Date of Award

Fall 1982

Project Type

Dissertation

Program or Major

Psychology

Degree Name

Doctor of Philosophy

Abstract

A series of experiments examined the hypothesis that spatial and temporal variation are processed by separate visual mechanisms. The first set of experiments determined that contrast thresholds set using spatial and temporal criteria covaried for counterphase-flickered gratings over a wide range of spatial and temporal frequencies. The two threshold curves appeared more independent when gratings were drifted, but this probably resulted from different patterns of eye movements within the two tasks.
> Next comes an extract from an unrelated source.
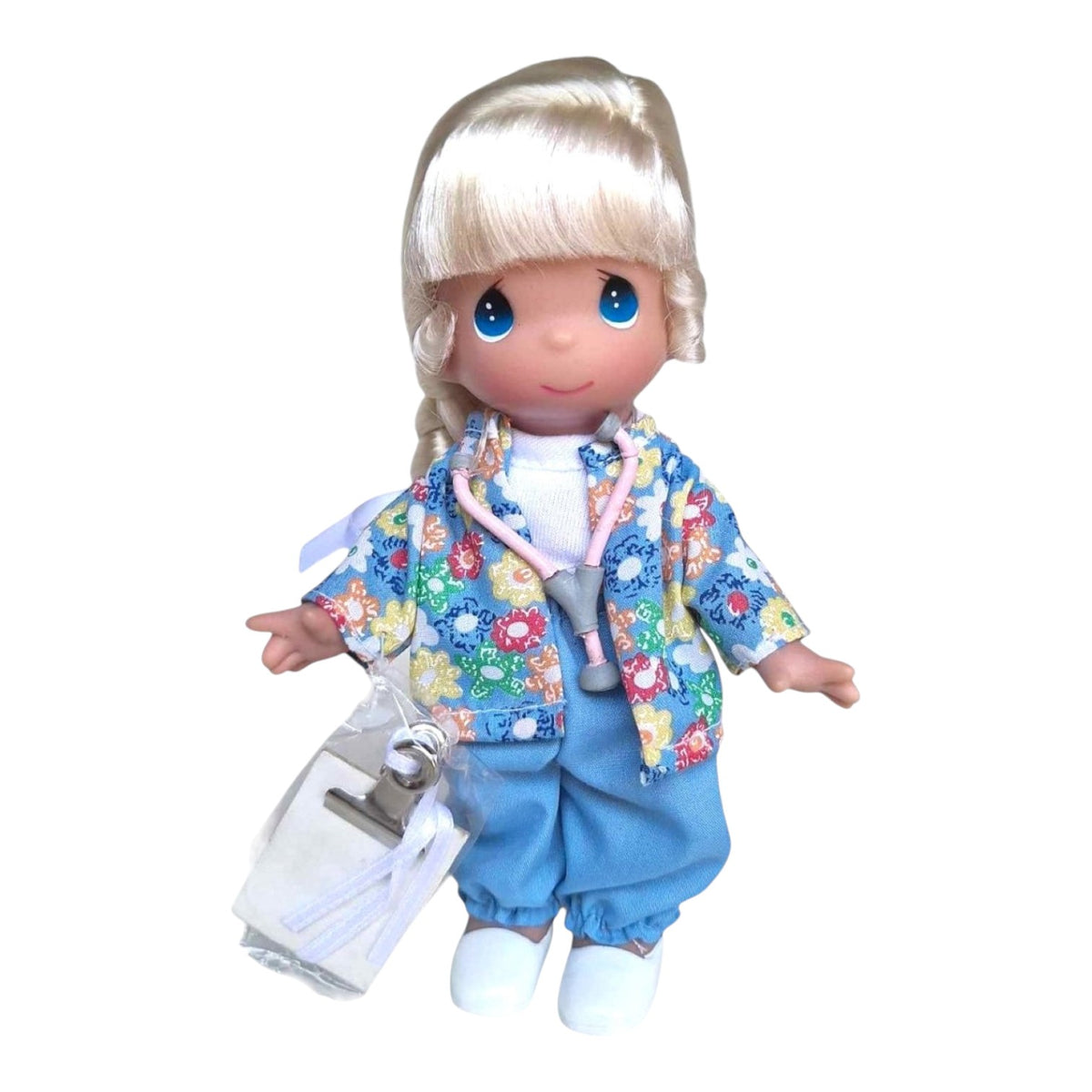 The Doll Maker Caring for You blonde nurse doll wearing a floral scrub top, blue pants, and a pink stethoscope.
A second set of experiments measured the time-course of adaptation under conditions designed to isolate the two hypothetical mechanisms, in an attempt to record a temporal "fingerprint" characterizing each mechanism. A test-probe procedure was used to determine contrast thresholds over 60 seconds of adaptation rise-time and 128 seconds of decay. Time constants of exponential curves fit to these data showed no pattern which could be related to the two mechanism hypothesis. A corresponding experiment categorized the appearance of near-threshold gratings during adaptation buildup and decay. When corrected for false-alarm rates, the perception of the stimuli were always pattern, or both pattern and flicker, even when a temporal mechanism should have performed the detection. These results uniformly fail to support the two mechanism hypothesis.